TREVOR BURT, PLAINTIFF,
v.
NATIONAL REPUBLICAN CLUB OF CAPITOL HILL, ET AL., DEFENDANTS.



The opinion of the court was delivered by: Ellen Segal Huvelle United States District Judge

MEMORANDUM OPINION

On December 8, 2011, this Court granted summary judgment to defendants on plaintiff's employment discrimination suit. Federal Rule of Appellate Procedure 4(a)(1)(A) requires a notice of appeal to be filed within thirty days of entry of judgment. Plaintiff missed the deadline by two days, so he now moves this Court to extend his time to file a notice of appeal. For the reasons set forth below, the Court will grant plaintiff's motion.

BACKGROUND

This matter arises from plaintiff's employment discrimination suit alleging that defendants discriminated against him on the basis of race in violation of the Civil Rights Act of 1866, 42 U.S.C. § 1981, and the District of Columbia Human Rights Act, D.C. Code § 2-1401 et seq. The Court granted defendants' motion for summary judgment on December 8, 2011. See Burt v. Nat'l Republican Club of Capitol Hill, No. 10-cv-1911, 2011 WL 6097981 (D.D.C. Dec. 8, 2011).*fn1 Plaintiff's previous counsel sent plaintiff an e-mail on December 12, 2011, relaying the Court's decision, excerpting the Court's opinion, informing plaintiff of the thirty-day filing period, and notifying plaintiff that their representation agreement did not cover "post judgment litigation" and that plaintiff would "need to seek other counsel to advise and/or represent you in your appeal." (Pl.'s Mot. Ex. 1; see also Pl.'s Reply at 1 n.1.) Plaintiff contacted current counsel, Hnin Khaing, via e-mail on January 4, 2012, but due to scheduling conflicts, Khaing could not meet with plaintiff until January 10, and at that time, she agreed to represent him. (Pl.'s Mot. at 2-3.) On January 9, 2012, the period to file a notice of appeal lapsed. See Fed. R. App. P. 4(a)(1)(A). On January 11, 2012, plaintiff, through an associate of Khaing's, filed a notice of appeal. (Notice of Appeal [Dkt. No. 24].)

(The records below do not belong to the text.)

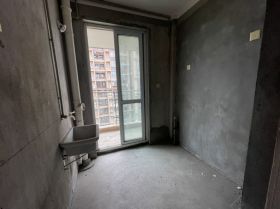 天龍逸園 2室1厅1卫 86m&sup2;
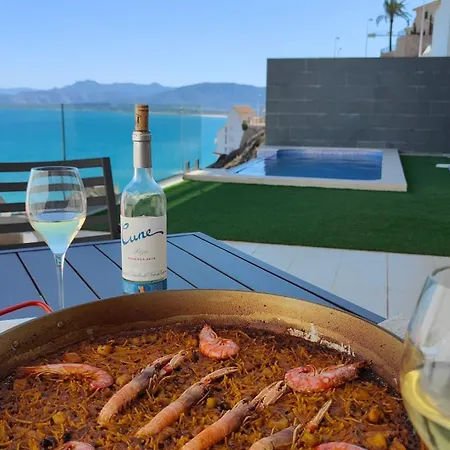 Conectada Al Mediterraneo, Infinity Pool Villa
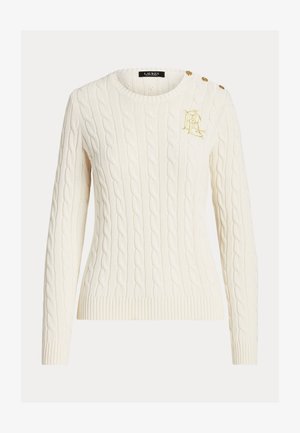 Crème kabelgebreide trui met lange mouwen, ronde hals, gouden geborduurd logo op de borst en drie gouden knopen op de schouder.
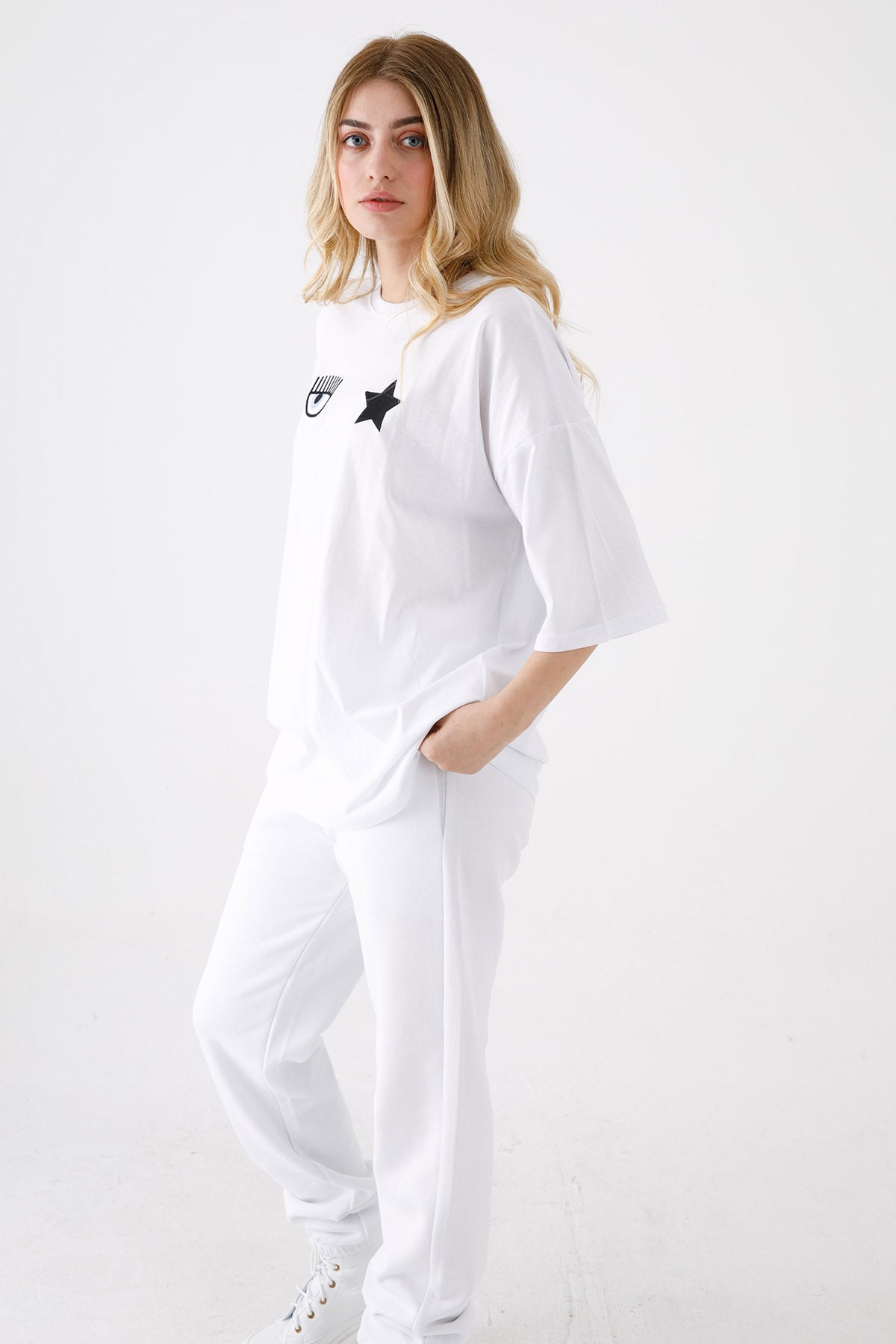 Chiara Ferragni Winking Eye Geniş Kesim T-shirt-Libas Trendy Fashion Store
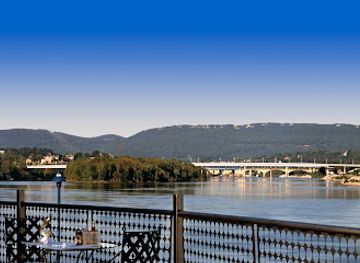 tennessee/ruby-falls/restaurant/boathouse-rotisserie-raw-bar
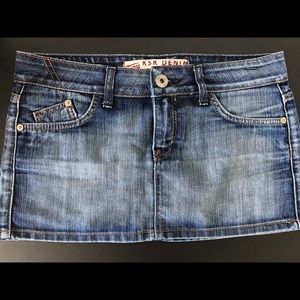 Denim skirt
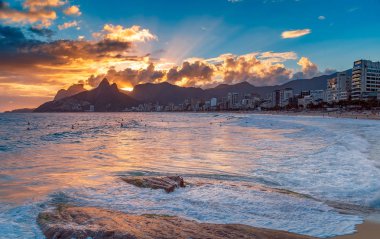 Gün batımında sıcak denizde yüzme turist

On February 6, 2012, plaintiff timely filed a motion requesting that this Court extend the deadline to file a notice of appeal to January 11, 2012. See Fed. R. App. P. 4(a)(5)(A)(i). Plaintiff alleges that the following circumstances amount to both "good cause" and "excusable neglect" justifying the Court's granting of such extension under Rule 4(a)(5): "(1) termination of representation of previous counsel; (2) improper advice by previous counsel; (3) lack of timely knowledge of this Court's entry of summary judgment; (4) lack of sufficient time to seek new counsel; and (5) lack of financial ability to secure new counsel." (Pl.'s Mot. at 1-2.) Plaintiff's motion, defendants' opposition, and plaintiff's reply are now before the Court.

ANALYSIS

I.LEGAL STANDARD

The filing of a timely notice of appeal is both mandatory and jurisdictional. Moore v. S.C. Labor Bd., 100 F.3d 162, 163 (D.C. Cir. 1996) (per curiam) (citing Browder v. Dir., Dep't of (district court order stating "Motion for Summary Judgment . . . is GRANTED" constitutes "a judgment under Rule 58"). The December 8, 2011 Order in this case states that "Motion for Summary Judgment . . . is GRANTED" and thus beyond any question qualifies as a "judgment" under Rule 58.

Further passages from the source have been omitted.